→ **What is needed**
Please output every line of the material as it stands, without the pictures.
[[ Raw data open ]]
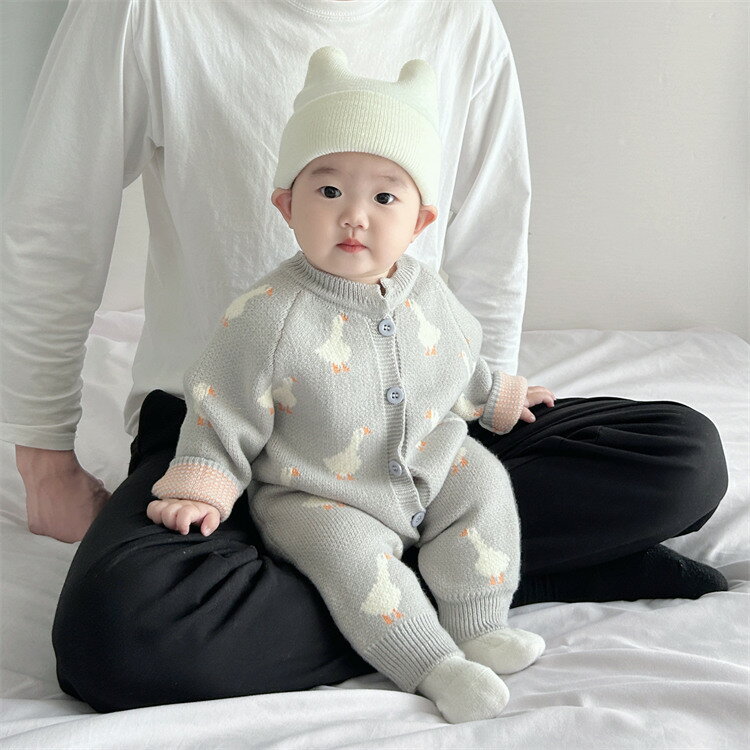 ベビー服 新生児　ニット ロンパース 男の子 長袖　グレー　出産祝い 　赤ちゃん 子ども服 可愛い ニッ..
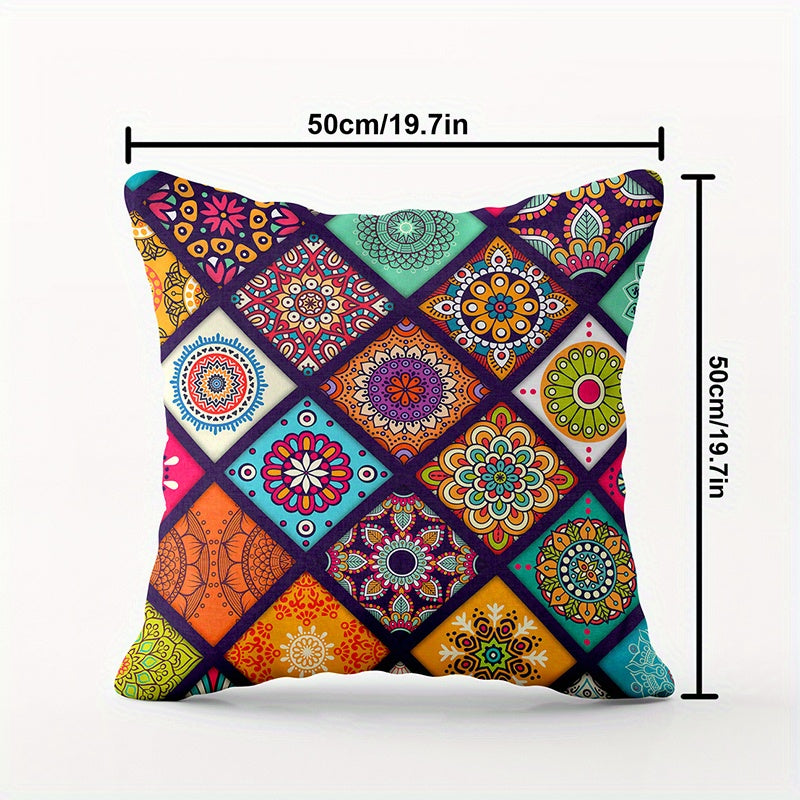 Bohemian Style Pillowcase Decorative Home Decor Cotton Linen 20x20 Inches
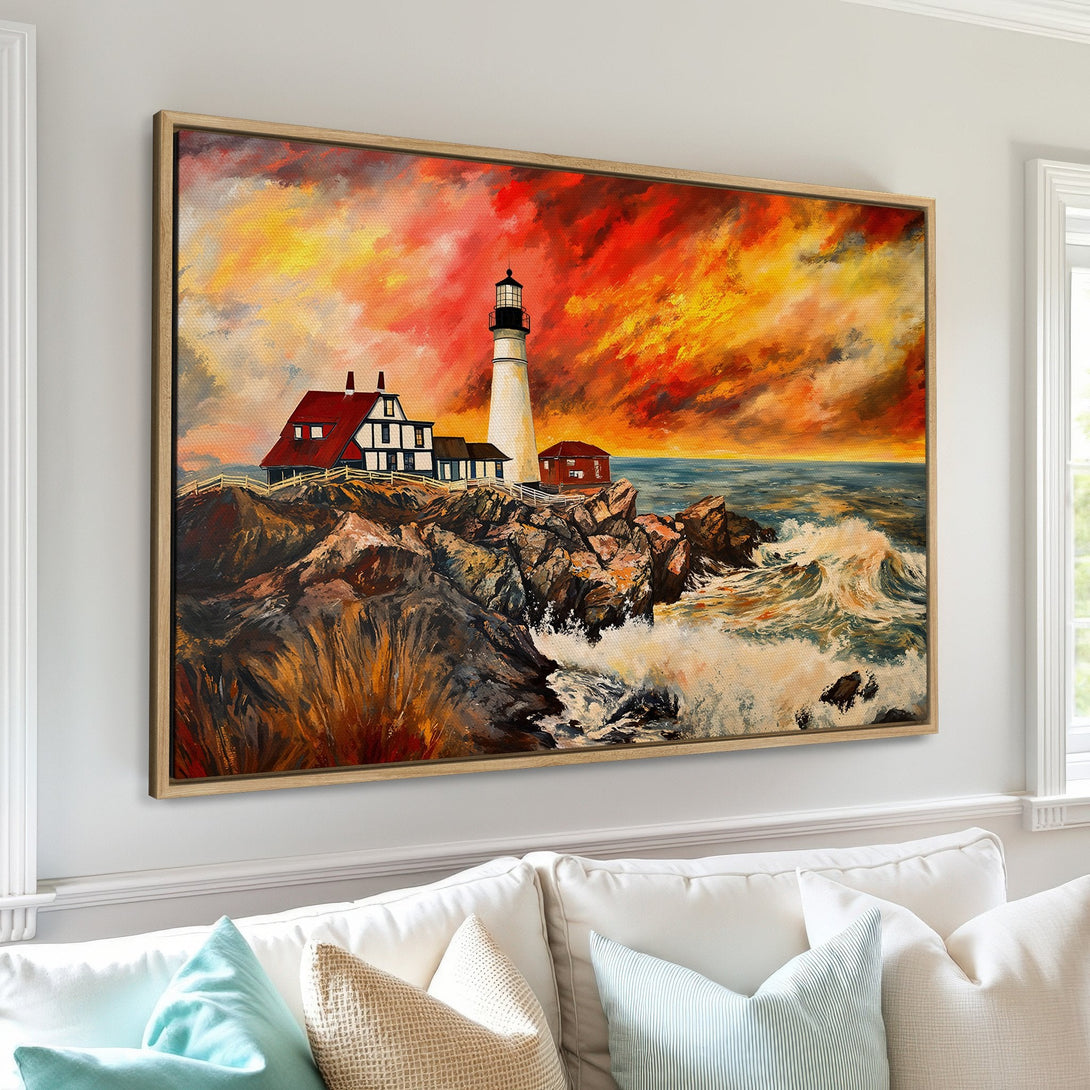 Framed Wall Art: Lighthouse painting with fiery sunset. Dramatic coastal art in warm red, orange, and yellow tones. Perfect for living room decor.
[[ Raw data closed ]]
→ **Response for this exercise**
 ベビー服 新生児　ニット ロンパース 男の子 長袖　グレー　出産祝い 　赤ちゃん 子ども服 可愛い ニッ..
 Bohemian Style Pillowcase Decorative Home Decor Cotton Linen 20x20 Inches
 Framed Wall Art: Lighthouse painting with fiery sunset. Dramatic coastal art in warm red, orange, and yellow tones. Perfect for living room decor.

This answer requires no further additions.